Mam jeszcze jedno, ostatnie zastrzeżenie – czuję, że miejscami The Crown aż nadto odwołuje sie do swojego melodramatycznego rodowodu i zbyt często próbuje manipulować widzem za pomocą muzyki i sztucznego napięcia. W nowym sezonie jest kilka takich scen, w których epickość podkładu gwałtowanie rośnie, chociaż cała scena aż tak ważna nie jest. Dzieje się tak przykład w finałowych ujęciach odcinka z małżeństwem Kennedych, gdy Elżbieta zaczyna pisać list z kondolencjami. Scena kreowana jest na niezwykle podniosłą i przełomową, podczas gdy tak naprawdę nic do fabuły nie wnosi, a już na pewno nie jest spektakularnym rozwiązaniem wątku, wbrew temu, co sugeruje muzyka. Dodatkowo w serialu pojawiają się również sceny, kiedy bohaterowie widzą coś na jawie albo tylko we własnych myślach. I te wypadają… strasznie dziwnie, bo zupełnie nie pasują do koncepcji serialu. Jak ta, kiedy nastoletni Filip odbywa astralną podróż na miejsce katastrofy samolotu, w której zginęli jego bliscy. Trudno powiedzieć, czemu ma to służyć, zwłaszcza, że ciała ofiar są idealnie zachowane, a cała sekwencja jest dla fabuły odcinka zupełnie zbędna, bo i bez niej Filip jest dość straumatyzowany.

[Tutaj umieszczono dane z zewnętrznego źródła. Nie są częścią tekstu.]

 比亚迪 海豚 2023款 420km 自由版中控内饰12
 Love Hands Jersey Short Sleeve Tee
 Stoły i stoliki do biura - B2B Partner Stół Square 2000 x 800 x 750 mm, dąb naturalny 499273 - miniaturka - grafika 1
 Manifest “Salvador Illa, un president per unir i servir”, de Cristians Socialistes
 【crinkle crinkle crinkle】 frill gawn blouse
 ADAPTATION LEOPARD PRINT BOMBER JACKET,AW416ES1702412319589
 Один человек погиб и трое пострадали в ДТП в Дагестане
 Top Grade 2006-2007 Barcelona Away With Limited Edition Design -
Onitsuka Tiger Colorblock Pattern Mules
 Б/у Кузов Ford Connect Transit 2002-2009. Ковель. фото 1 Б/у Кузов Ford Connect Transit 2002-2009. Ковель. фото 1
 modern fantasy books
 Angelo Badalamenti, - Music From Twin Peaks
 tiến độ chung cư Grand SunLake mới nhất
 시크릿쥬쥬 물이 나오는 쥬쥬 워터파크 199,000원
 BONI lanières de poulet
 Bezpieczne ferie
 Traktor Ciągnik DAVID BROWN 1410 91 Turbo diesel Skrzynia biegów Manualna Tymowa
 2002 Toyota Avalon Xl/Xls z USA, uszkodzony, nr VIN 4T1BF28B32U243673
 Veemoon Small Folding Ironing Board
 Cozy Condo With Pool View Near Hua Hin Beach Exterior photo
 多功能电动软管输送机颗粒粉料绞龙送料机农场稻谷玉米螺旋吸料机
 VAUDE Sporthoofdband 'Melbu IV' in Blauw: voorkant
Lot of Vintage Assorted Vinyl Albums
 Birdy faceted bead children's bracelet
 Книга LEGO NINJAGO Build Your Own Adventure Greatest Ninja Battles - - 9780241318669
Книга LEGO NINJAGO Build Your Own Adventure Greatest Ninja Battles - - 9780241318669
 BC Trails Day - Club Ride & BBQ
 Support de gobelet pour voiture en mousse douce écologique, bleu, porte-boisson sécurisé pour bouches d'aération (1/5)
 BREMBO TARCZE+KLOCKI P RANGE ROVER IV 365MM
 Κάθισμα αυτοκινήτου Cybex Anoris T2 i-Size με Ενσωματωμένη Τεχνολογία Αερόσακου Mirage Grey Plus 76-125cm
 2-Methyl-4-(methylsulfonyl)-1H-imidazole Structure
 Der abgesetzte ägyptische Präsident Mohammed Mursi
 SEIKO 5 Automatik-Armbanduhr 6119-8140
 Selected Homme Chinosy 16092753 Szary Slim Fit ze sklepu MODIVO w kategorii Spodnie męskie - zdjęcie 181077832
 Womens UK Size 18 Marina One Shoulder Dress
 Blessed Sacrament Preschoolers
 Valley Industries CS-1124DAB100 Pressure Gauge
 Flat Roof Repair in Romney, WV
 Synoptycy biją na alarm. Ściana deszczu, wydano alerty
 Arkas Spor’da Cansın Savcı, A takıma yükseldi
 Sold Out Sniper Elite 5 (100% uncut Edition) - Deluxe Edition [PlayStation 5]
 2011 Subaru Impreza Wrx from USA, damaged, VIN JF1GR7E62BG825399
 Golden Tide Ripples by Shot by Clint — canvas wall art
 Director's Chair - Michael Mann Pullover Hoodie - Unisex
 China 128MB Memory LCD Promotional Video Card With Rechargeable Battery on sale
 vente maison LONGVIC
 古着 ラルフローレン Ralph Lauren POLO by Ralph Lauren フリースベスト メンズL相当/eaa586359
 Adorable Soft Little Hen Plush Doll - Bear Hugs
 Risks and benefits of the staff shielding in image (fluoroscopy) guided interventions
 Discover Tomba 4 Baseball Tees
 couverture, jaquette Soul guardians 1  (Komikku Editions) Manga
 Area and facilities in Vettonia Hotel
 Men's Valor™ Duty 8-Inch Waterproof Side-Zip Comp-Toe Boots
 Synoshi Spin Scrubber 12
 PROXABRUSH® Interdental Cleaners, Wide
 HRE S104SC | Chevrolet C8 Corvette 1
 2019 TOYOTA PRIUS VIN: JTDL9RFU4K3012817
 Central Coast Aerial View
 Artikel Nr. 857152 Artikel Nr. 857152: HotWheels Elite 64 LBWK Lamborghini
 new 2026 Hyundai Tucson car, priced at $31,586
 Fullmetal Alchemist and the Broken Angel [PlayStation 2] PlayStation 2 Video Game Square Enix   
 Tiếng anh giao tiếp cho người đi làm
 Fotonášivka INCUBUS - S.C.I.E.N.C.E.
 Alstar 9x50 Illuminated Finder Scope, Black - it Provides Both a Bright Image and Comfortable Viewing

Trochę smutno mi na myśl, że musimy się pożegnać z dotychczasową obsadą. Uważam, że zarówno Claire Foy jak i Matt Smith świetnie sprawdzili się w głównych rolach, a ewentualne zastrzeżenia mogę mieć do tego, jak zostały one napisanie, a nie odegrane. Netflixowe „Downton Abbey na bogato” to jeden z moich ulubionych seriali, jakie platforma posiada obecnie w swojej ofercie – wizualnie zachwycający, historycznie poprawny i pięknie rozwijający trend fascynacji brytyjską rodziną królewską. Jestem bardzo ciekawa, jak poradzą sobie nowi aktorzy (na razie potwierdzono tylko, że Olivia Coleman przejmie role Elżbiety) i na jakich wydarzeniach skupi się cały sezon – wiadomo jedynie, że pojawi się w nim Camilla i mocny wątek rozpadu małżeństwa Małgorzaty.